25.04.2024

Nonfiction: Three Wealthy Women and Their Venetian Mansion

Peggy Guggenheim on the roof of Ca’ Nonfinito, “the unfinished house,” overlooking the Grand Canal. Credit Frank Scherschel/The LIFE Picture Collection, via

THE UNFINISHED PALAZZO

Life, Love and Art in Venice
By Judith Mackrell
Illustrated. 408 pp. Thames & Hudson. $34.95.

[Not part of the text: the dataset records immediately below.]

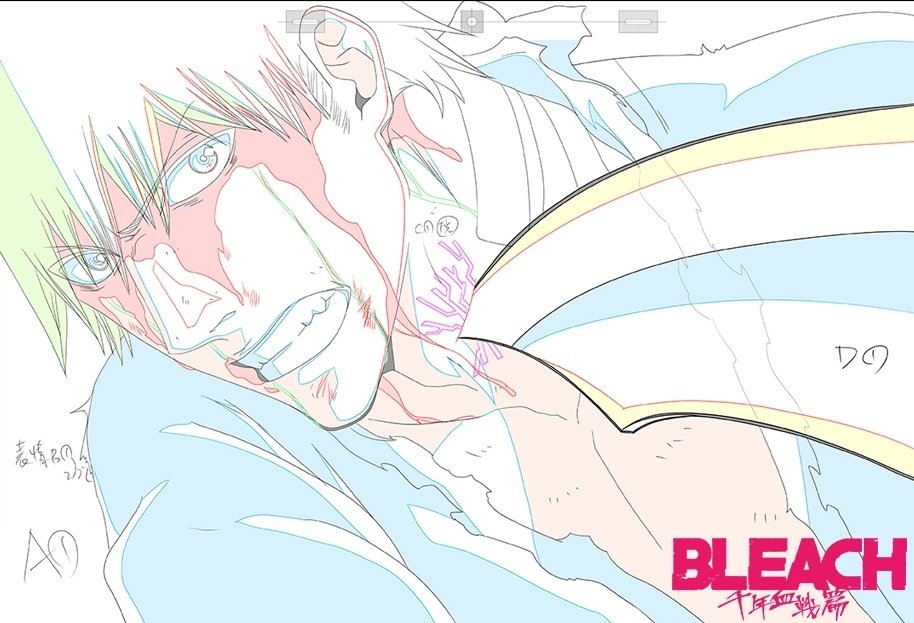 Nayem Siddique Saki on X: Bleach tybw episode 7 production material #BLEACH  #BLEACH_anime  / X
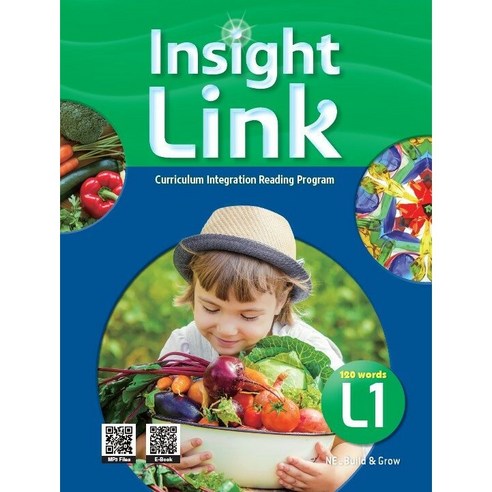 Insight Link 1 (Student Book + Workbook + QR), L1, NE Build&Grow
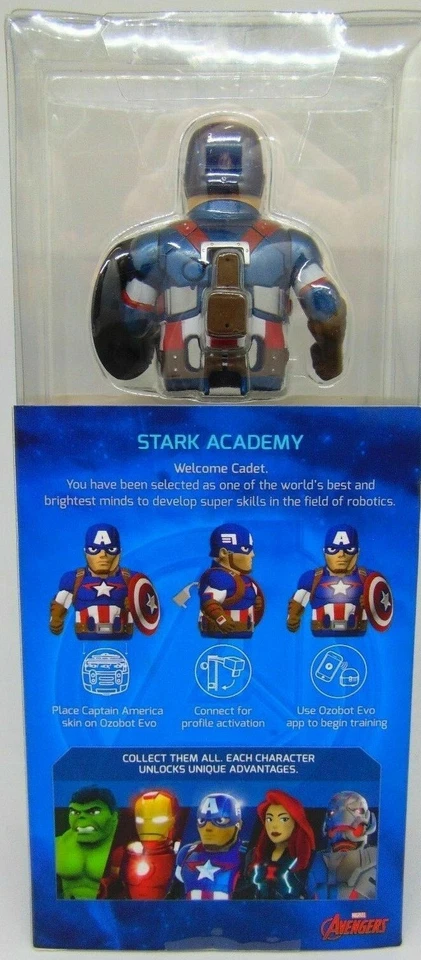 Marvel Captain America Action Skin for Ozobot Evo Avengers Coding STEM NEW - Image 4 of 4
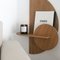 Alba M Semi Circle Wall Shelf by Daniel García Sánchez for Woodendot, Image 4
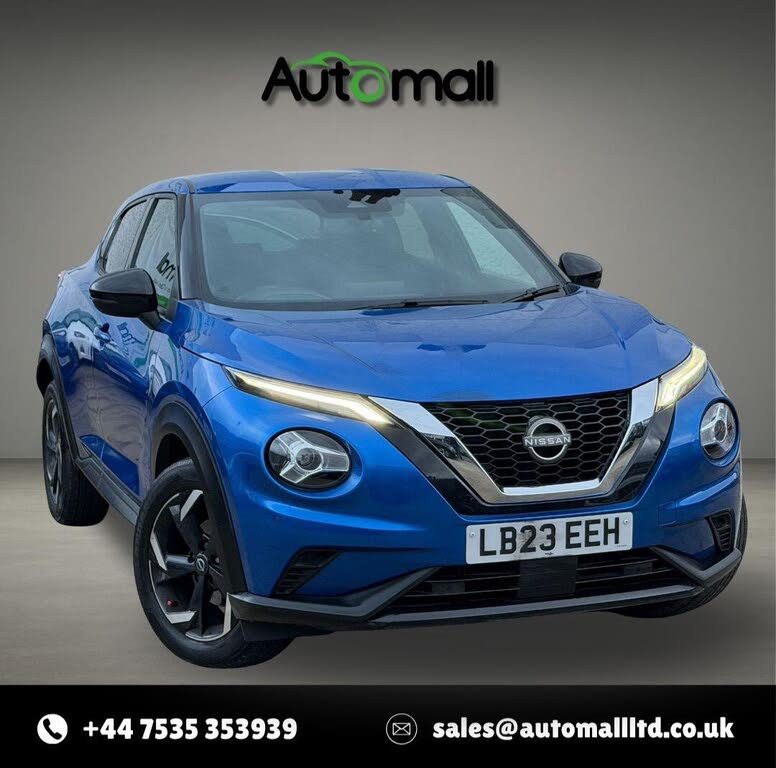 2023 Nissan Juke 1.0 DIG-T N-Connecta DCT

Because the city of Venice has more history than real estate, many of its buildings are crammed with unrelated lore. The complex known as Ca’ Mocenigo is said, for example, to be haunted by the 16th-century philosopher Giordano Bruno, whose exasperated host delivered him to the Inquisition. But he has company from subsequent eras: Lady Mary Wortley Montagu stayed there; so did Lord Byron. Antonio Foscarini paid a nocturnal visit that got him hanged when he was accused of spying, although he was only having an affair.

And the love letters in Andrea di Robilant’s tale of a clandestine 18th-century romance, “A Venetian Affair,” were discovered there. This sort of gossipy crowding continued into the modern era in the Ca’ Venier dei Lioni. Now a museum, it’s emblazoned with the name of its founder, Peggy Guggenheim, who placed outside it a statue of a horseman with a conspicuous phallus (detachable in the event of ecclesiastical visits). But she is only the third of its rich and raunchy 20th-century doyennes.

“The Unfinished Palazzo: Life, Love and Art in Venice,” by Judith Mackrell, tells the stories of these notoriously eccentric women: the Marchesa Luisa Casati, from Milan, a champion exhibitionist who considered her life (and especially her person) to be a work of art; Doris, Lady Castlerosse, an Englishwoman whose lovers included both Winston Churchill and his son, Randolph; and finally Guggenheim, the American art patron who bequeathed the mansion to her family’s foundation as a museum of modern art.

The 18th-century building is itself eccentric. It is nicknamed Ca’ Nonfinito, “the unfinished house,” because only the ground floor was built before the money ran out. A wooden model of the enormous structure it would have been, to the annoyance of its Ca’ Grande neighbors across the canal, can be seen in Venice’s Correr Museum.

Being incomplete, the house wasn’t subject to preservation restrictions that would have inhibited the creativity of these three aggressive aesthetes. The marchesa, who spent summers there early in the last century, fitted it up with eerie Gothic ostentation and populated it with black servants painted gold, dyed pastel birds, creepy wax mannequins and an enormous live cobra that she wore as a stole. In the late 1930s, the slick blonde Lady Castlerosse substituted Art Deco ostentation and installed bathrooms. After Guggenheim bought the place in 1948, she turned some of the bathrooms into galleries.

Their life stories are just as flashy, a kaleidoscope of bad marriages, bad divorces, Fortuny dresses, outlandish costume parties, fashionable portraits, excessive champagne, famous lovers, pickup lovers, alienated children and overlapping celebrity acquaintances. Yes, it’s salacious, but it’s also somewhat repetitive.